Kilometres walked: 20km / Total distance: 677km / Elevation gain: 1033m / Elevation loss: 1695m / Time walked: 5h45min
Today is the last high mountain section of the entire route. Not only that, its the highest point of the trail! There has been a pass of 2805m before but today is not really a pass, we just walk along a ridge and some small peaks that form the mountain between Spain and France.
But before we get there, we (I’m walking with Paul and Maria today) have to get up and we have to get up early: there is a thunderstorm and heavy rain predicted for this early afternoon starting at 13:00, when we want to be well on our way with the descent.
So, our alarms go off at 05:45, we make coffee and eat breakfast in the dark, and start walking just as the first pink, orangey light hits the valley. A short climb through a forest, the last of the trees at this elevation, and the rest of the easy climb is over grass and, for the last section, a bit of scree. This is probably the easiest ascent at this altitude we’ve done.
Behind us clouds are drifting into the valley, but the summit is, for now, free of fog.
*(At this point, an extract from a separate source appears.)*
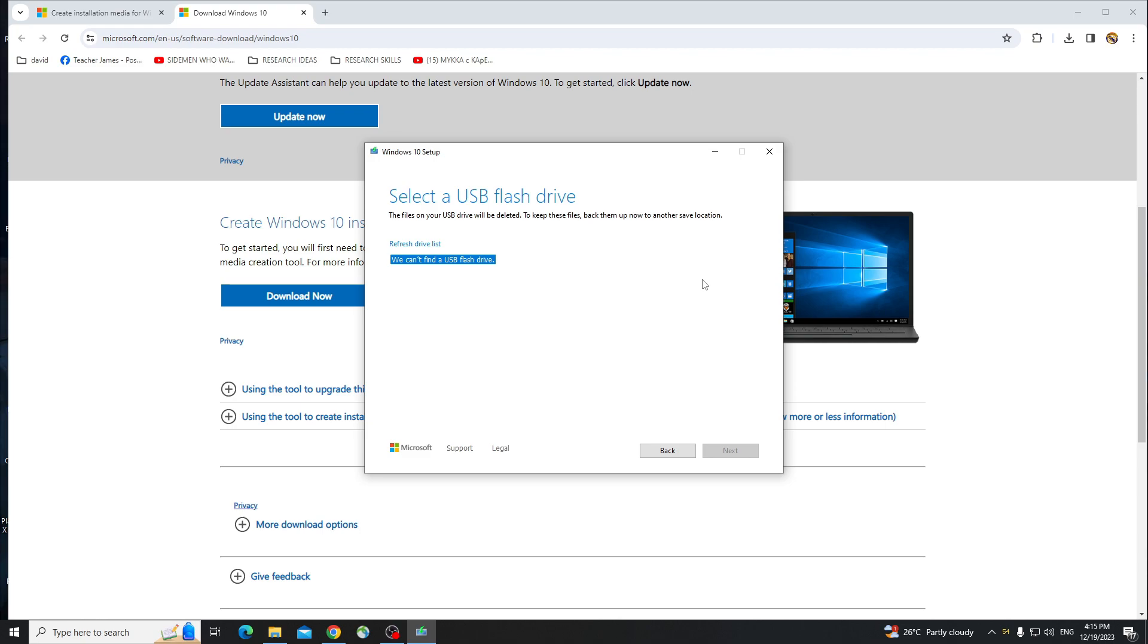Just put it in before you turn on, and after putting the USB in the computer or your laptop, once it starts up, the Windows 10 installation setup will pop up, and you'll be able to install Windows.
At the top there is a small path to a summit, which of course we have to take. 2820something meters! I don’t think I’ve ever been higher before.
Nine crosses embedded in the rock. Apparently to commemorate nine monks who perished in a storm, but I don’t know if that is true.
The rest of the path is easy walking -quick climb to another peak with a triumphant selfie- and then a long, long way down, partially through the fog.
Refugio or Hipster Cafe?
Halfway down is Refugio Ulldeter, where we stop for a lunch break. We just walked for an hour through the fog, and can use a coffee. “Do you have anything to eat?” We ask hopeful, as it’s too early for Spanish lunchtime. “Sure!” replies the warden, and proceeds to list the menu which includes things like homemade peach cake, blondies and brownies, and (homemade!) chocolate chip cookies. We are stunned. Is this a hut or a hipster café? Immensely grateful we order coffee and cake each, and supplement it with our own tortillawraps and cream cheese and whatever else comes out of our food bags.
After thirty, forty minutes we get ready to leave, and right that time we hear thunder and it starts raining. Great. I mean, we knew it was coming and at least we’re quite a way down from the pass, but we’re still in the clouds. Can lightning strike you when you’re in the clouds? We’re not sure but we think probably yes. In any case, we need to get down further so we put on all our waterproofs and gloves and make a go for it.
At least it’s just rain and not hail, but in no time the trail is full of water. Water finds the path of least resistance down, and so do we, which means that we’re sloshing through 10cm of icy cold water flowing down the trail.
Oh well, I guess my shoes could use a rinse anyway.
Down down down we go, splosh splosh. It’s beautiful scenery, really, except we all have our hoods pulled tight around our faces and we don’t stop to look around.
What feels like an eternity later (but is probably around 2 hours or so) we step into the hotel lobby. Paul and Maria have a reservation. I don’t, but no way that I’m going to continue walking and camp like this, so I ask if they can arrange an extra bed in the room. No problem! We take turns showering and soon every hook, rail, and bit of furniture in the room is covered in wet and damp gear to dry. It looks like a very unorganised outdoor store. So glad to be inside and dry though.